The Middle East's Latest Political Crisis

For decades, Saudi Arabia has been globally acknowledged for its political weight and strong influence over the Middle East—due to its rich oil resources and for hosting the two holiest sites of the Islamic faith.

This Kingdom was known for its slow, bureaucratic, yet firm reaction to any social or political change. This makes sense as the five kings who ruled Saudi Arabia after the founding King Abdulaziz ibn Saud were brothers and are the second generation rulers of the Kingdom.

Their cautious policy approach changed when 33-year-old Prince Mohammed Bin Salman (known as MBS) appeared on the scene three years ago. As Crown Prince, he served as Deputy Prime Minister, Minister of Defense, and Chief of Court. Though his father is still officially the king, the ambitious prince is the de facto ruler of the kingdom because he has all the power in his hands.

Within three years, Saudi Arabia witnessed more changes than in the last three decades combined. Socially, the residents of the Kingdom enjoyed more freedom. Citizens could now go to theatres, host entertainment, and athletic events, and women were allowed to drive.

Such social changes were needed to restrain and restrict the powers of the Committee for the Promotion of Virtue and the Prevention of Vice, a Saudi government religious authority responsible for implementing the Islamic Sharia.

Yet things on the political side have been getting darker. The Kingdom still has no parliament and its citizens do not have the right to vote. Opposition journalists and even family members of the royal family who might have a slight disagreement with the Crown Prince’s agenda have been arrested and kidnapped, disappearing from the public eye.

The Prince holds all the keys of political strength in his father’s Kingdom where he can impose and implement whatever laws and rules he fancies within Saudi Arabia’s borders. With this mindset, the Prince wrongly believes that he can do the same beyond his Kingdom’s borders.

Despite the strong relations that the Prince has with President Trump, the Prince’s recent foreign policies have been remarkable and inconsistent with the political history of the Kingdom.

For the past three years, Prince MBS has led war in Yemen against an Arab coalition. The result has been a devastating famine that threatens the lives of 17 million individuals, according to the United Nations.

The Kingdom under the rule of MBS imposed an embargo over Qatar since 2017. It has also arrested the Prime Minister of Lebanon and forced him to resign. Shockingly, it has recently cut relations with Canada over a human rights tweet.

However, the tides had turned when Washington Post journalist and Saudi critic, Jamal Khashoggi, was murdered on October 2 at the Saudi consulate in Istanbul.

Since the murder, the whole world has been trying to figure out why and how this heinous act happened, demanding an explanation from Saudi Arabia.

The Kingdom stated in the beginning that Mr. Khashoggi left the consulate later that day and they denied any involvement in the murder. By the tenth day, however, the Kingdom provided a story that Mr.
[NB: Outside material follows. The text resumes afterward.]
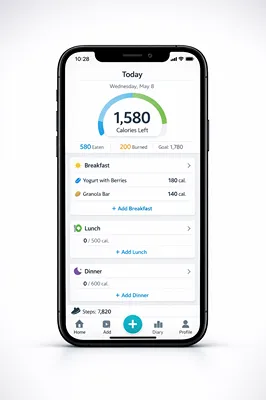 Yazio app interface for tracking calories and meals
Khashoggi was killed in a fist fight inside the consulate.

The inconsistent story showed the weak stance of the Crown Prince, who has been accused of giving orders to kill off Mr. Khashoggi. Even President Trump, the most reliable ally to the Crown Prince has said, “This is the worst coverup in history.”

The death of Mr. Khashoggi will not go without a price and voices from the free world are demanding justice.
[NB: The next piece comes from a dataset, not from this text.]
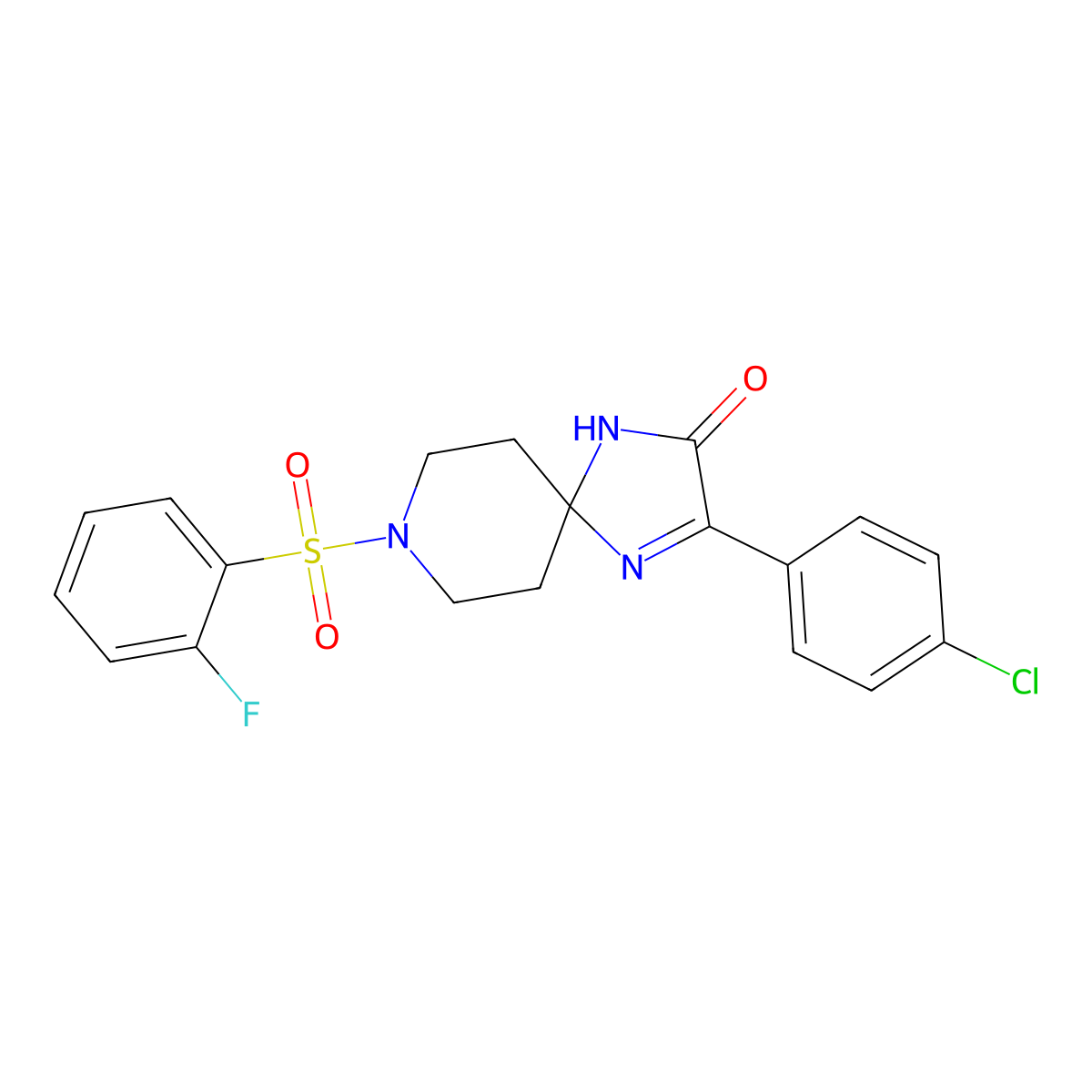 3-(4-Chlorophenyl)-8-((2-fluorophenyl)sulfonyl)-1,4,8-triazaspiro[4.5]dec-3-en-2-one molecular structure, CAS 1185042-59-4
The King is now leading the Minister's Cabinet for the first time in recent years. This might be a beginning of changing Saudi Arabia’s current foreign policy. Perhaps this is the beginning to ending the siege on Qatar, ending the war in Yemen, and allowing for democratic changes in the Kingdom. Who knows? It might lead to Mohammed Bin Salman’s reduced powers or resignation as Crown Prince.

In the end, history is full of examples where the unfortunate death of one brave man who believes in his principles can resurrect the same principles in his nation.

Read next: Cold War II?
Nasser Najjar
Nasser Najjar

Nasser was formerly a freelace producer for several papers such as NYT, USAToday, GN, spokesperson, and head of communications for the Red Cross. He was also a researcher for Human Rights Watch in different parts of the Middle East.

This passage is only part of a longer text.